Dataset entries:
⟨

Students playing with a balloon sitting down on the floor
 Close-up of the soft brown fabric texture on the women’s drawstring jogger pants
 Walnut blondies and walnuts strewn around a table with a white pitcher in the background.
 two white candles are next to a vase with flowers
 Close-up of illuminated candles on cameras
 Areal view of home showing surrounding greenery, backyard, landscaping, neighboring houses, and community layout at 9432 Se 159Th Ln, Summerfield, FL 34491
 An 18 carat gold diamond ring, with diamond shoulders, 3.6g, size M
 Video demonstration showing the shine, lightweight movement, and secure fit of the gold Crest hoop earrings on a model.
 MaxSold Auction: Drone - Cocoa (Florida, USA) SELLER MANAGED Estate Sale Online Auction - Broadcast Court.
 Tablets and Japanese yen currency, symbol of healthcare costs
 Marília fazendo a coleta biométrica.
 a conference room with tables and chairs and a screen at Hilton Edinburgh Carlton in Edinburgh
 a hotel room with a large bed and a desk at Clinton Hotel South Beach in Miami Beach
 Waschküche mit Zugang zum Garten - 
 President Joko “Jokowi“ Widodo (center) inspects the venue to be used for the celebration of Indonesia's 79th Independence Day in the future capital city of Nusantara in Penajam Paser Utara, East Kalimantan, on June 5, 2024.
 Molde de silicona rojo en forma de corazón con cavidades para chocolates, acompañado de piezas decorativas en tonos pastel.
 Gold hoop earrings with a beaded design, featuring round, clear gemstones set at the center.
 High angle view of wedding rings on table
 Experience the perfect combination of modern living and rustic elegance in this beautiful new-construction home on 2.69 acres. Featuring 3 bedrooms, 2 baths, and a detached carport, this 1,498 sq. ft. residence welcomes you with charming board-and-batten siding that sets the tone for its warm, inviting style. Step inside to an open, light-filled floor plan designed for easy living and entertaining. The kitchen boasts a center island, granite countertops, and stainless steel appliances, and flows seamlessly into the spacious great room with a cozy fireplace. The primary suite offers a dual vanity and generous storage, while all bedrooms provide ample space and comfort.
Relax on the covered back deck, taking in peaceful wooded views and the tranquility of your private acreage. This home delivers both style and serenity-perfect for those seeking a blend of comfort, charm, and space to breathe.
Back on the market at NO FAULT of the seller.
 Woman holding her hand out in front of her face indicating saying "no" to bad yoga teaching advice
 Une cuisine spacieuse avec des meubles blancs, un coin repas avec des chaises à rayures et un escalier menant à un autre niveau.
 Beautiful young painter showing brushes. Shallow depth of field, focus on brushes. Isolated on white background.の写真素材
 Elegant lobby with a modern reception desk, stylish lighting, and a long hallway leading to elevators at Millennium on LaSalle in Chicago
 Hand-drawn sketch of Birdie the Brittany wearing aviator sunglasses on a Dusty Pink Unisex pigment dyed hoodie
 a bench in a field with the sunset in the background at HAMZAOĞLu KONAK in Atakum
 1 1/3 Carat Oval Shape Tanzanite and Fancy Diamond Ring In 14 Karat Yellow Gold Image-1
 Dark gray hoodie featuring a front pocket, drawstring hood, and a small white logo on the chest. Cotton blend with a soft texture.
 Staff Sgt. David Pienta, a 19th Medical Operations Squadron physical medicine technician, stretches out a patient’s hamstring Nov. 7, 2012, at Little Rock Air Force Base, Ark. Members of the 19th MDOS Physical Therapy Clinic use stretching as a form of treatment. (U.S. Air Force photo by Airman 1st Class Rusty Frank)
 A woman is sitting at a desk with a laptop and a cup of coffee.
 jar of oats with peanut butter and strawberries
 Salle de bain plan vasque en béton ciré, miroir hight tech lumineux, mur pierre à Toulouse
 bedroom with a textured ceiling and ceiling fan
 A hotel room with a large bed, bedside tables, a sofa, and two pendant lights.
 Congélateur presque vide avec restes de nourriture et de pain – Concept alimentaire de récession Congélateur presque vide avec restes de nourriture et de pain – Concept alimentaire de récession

⟩

Beginning with the line that has "jar of oats" and ending with the line that has "A hotel room with a large bed, bedside", set down the lines above exactly and include no others.

Exercise output:
 jar of oats with peanut butter and strawberries
 Salle de bain plan vasque en béton ciré, miroir hight tech lumineux, mur pierre à Toulouse
 bedroom with a textured ceiling and ceiling fan
 A hotel room with a large bed, bedside tables, a sofa, and two pendant lights.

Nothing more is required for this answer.